They're neither pretty nor fragrant, but during the second quarter, Wall Street's earthiest industries - metals, forest products, and chemicals - came into full bloom.
Mutual funds that invest in basic materials stocks flourished during a broad shift from expensive growth stocks to cheap cyclicals. The "rotation" followed hints of revival in the global economy, especially in Asia.
Along with such sunny expectations came concerns of inflation, which hit the smoldering embers of commodity prices like gasoline.
As commodity prices flared, mutual funds that invest in commodity producers bolted upward from a long sleep. A jump in the price of oil, for instance, lifted oil-service stocks by more than 30 percent in the second quarter.

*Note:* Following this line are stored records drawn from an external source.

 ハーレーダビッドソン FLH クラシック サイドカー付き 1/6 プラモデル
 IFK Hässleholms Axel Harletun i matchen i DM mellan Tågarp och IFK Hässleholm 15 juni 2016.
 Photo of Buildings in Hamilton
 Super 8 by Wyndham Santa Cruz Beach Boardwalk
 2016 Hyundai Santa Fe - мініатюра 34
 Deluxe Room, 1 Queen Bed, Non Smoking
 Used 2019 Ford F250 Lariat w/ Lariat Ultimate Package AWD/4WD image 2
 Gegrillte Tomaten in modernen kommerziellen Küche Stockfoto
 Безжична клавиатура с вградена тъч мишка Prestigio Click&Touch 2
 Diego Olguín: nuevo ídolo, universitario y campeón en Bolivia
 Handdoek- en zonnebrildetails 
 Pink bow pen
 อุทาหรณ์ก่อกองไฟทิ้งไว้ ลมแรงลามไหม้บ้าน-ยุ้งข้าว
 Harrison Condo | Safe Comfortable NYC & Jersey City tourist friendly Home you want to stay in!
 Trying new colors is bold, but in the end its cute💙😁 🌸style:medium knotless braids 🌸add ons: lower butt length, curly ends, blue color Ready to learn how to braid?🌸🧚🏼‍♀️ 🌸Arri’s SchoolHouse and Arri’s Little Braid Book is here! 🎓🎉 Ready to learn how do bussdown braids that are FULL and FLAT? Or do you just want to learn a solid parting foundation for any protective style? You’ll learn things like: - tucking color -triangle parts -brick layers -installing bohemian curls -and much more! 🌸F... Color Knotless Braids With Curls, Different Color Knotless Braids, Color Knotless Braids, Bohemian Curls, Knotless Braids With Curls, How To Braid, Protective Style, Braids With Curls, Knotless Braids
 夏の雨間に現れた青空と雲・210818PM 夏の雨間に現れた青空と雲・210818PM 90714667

But despite continued signs of foreign strength, funds that invest in basic materials producers might have already seen most of their gains for the foreseeable future, say equity analysts.
Investors might have overloaded on commodity producer stocks.
"This group has been on its back for so long, that when there was a rotational move, investors and analysts realized how cheap they were and everyone had to have the shares," says Tore Stole, paper and basic industries analyst at A.G. Edwards in St. Louis. "I think people realize they shouldn't have ignored the sector for so long," he says.
Hereafter, "it's a slow rebuilding," says James Wilbur, chemical sector analyst for Salomon Smith Barney. "For more gains, we see it as clawing our way up rather than bouncing our way up," he says.